Quién te quiere a ti, Ava Gardner
Leer algunas biografías tiene algo de impertinente y malsano. Cada página revela jirones de intimidad que el lector, si se es empático y respetuoso, enseguida interpreta como una intromisión en la privacidad del sujeto diseccionado. Quién soy yo para adentrarme en la vida de alguien que un día fue y ya no puede defenderse. Qué derecho me he arrogado para conocer aquello que no me pertenece. Puede que jamás hablen de nosotros cuando hayamos muerto, que diría Díaz Yanes, aunque el anonimato resulta de una comodidad reconfortante. No es mala idea que viajen con uno lo secretos que le fueron propios.
Hace décadas descubrí que la mejor manera de saber de cine, además de viéndolo o haciéndolo, es leyendo. Libros de cualquier pelaje o condición, lo mismo da, siempre que versen sobre cine y revelen aspectos que puedan ser de utilidad. Ava Gardner. Una diosa con pies de barroes una biografía de cuatrocientas páginas firmada por Lee Server que, en sí misma, no provoca ningún daño al lector, salvo si se proyecta hacia el rostro con decisión y se lanza con cierta velocidad. Es más, es un buen libro, muy bien documentado, con un trabajo de campo exhaustivo y con una ingente cantidad de datos, testimonios e instantáneas intelectuales que disponen, ubican y explican con auténtica hondura. No cabe duda de que Server ha realizado un buen trabajo de campo y que opera el ámbito metodológico con desenvoltura.
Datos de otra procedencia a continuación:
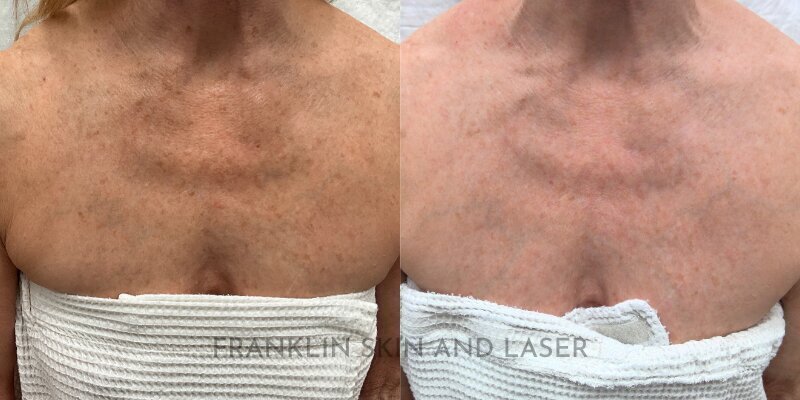 Clear Brilliant Before & After Image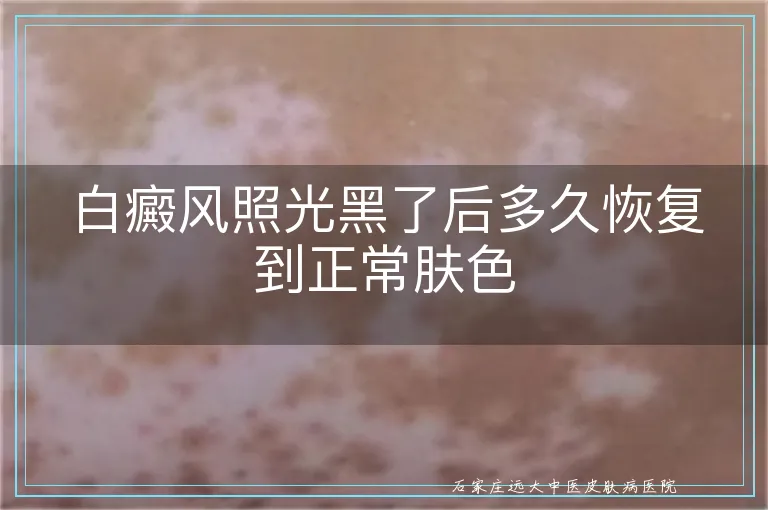 白癜风照光黑了后多久恢复到正常肤色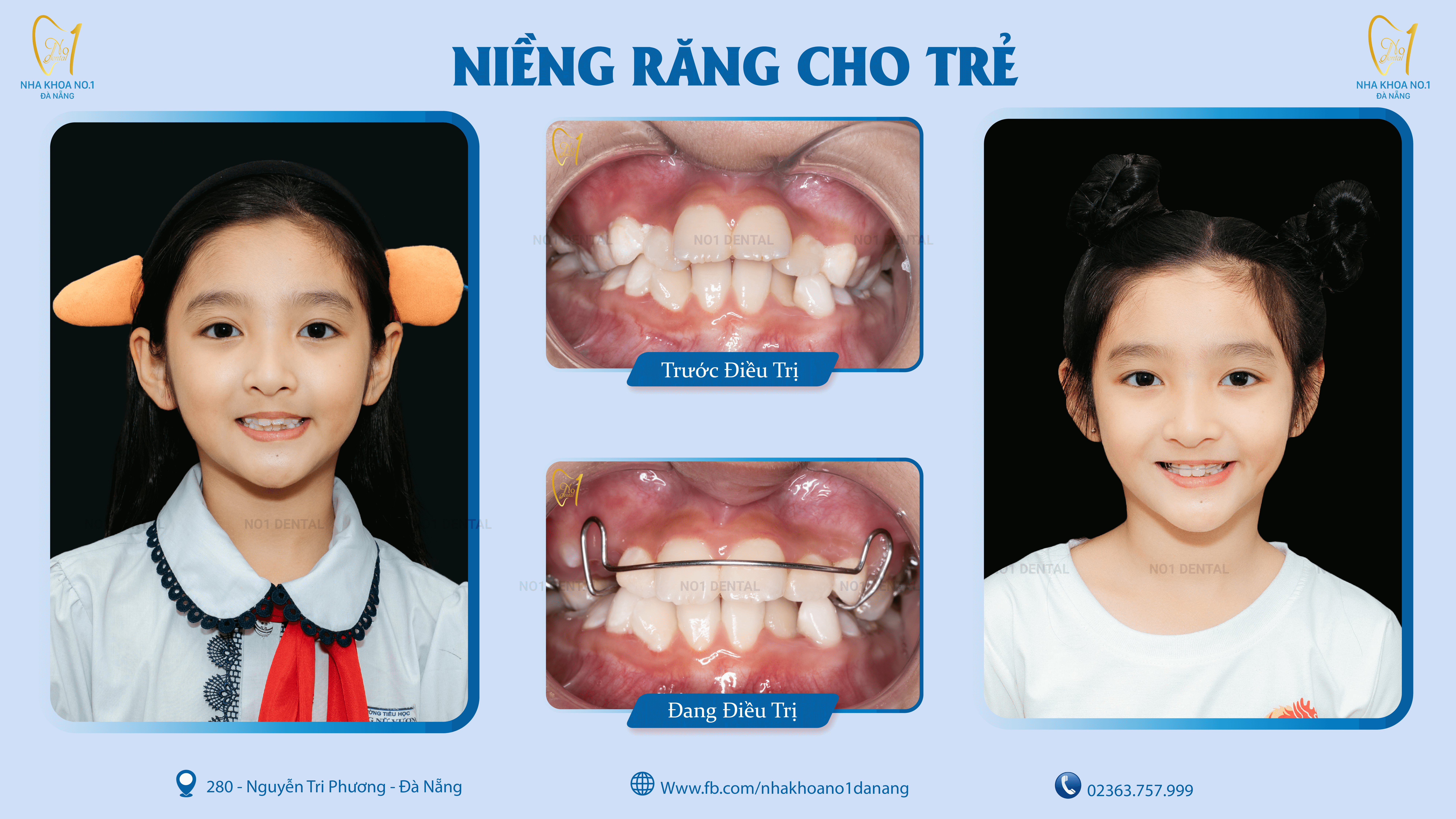 Thời điểm vàng niềng răng ở trẻ em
Ahora bien, la ideología que vertebra la completa obra resulta, cuando menos, inapropiada. No solo desmenuza una vida tildada como desenfrenada y ambigua, sino que deja a un mito, casi deidad cinematográfica, reducido a mero polvo de estrella. Después de su lectura, no solo no conozco más a Ava Gardner, sino que me invade una irremediable sensación de desconsuelo pensar en ella o en su existencia.
Nadie quiso a Ava Gardner, ni siquiera ella misma. Adorada por el público, venerada por los espectadores durante décadas, en realidad Gardner fue un juguete sexualizado y roto en el que nadie invirtió un ápice de su tiempo. Quienes la conocían supieron sacar provecho de su temperamento, ora vanagloriándose por la suerte de que una diosa se hiciera de carne y hueso, ora alejándose de quien ya no puede ofrecer nada más. Lo único que se hace patente es que Gardner tenía una vida sexual incontrolada y desmedida. Su insaciabilidad le hacía buscar candor en cualquier persona y local a cualquier hora. Insomne y adicta, las noches solo eran continuación de un día con muchas horas, las cuales rellenaba como podía, buscando a cada rato algo de compañía.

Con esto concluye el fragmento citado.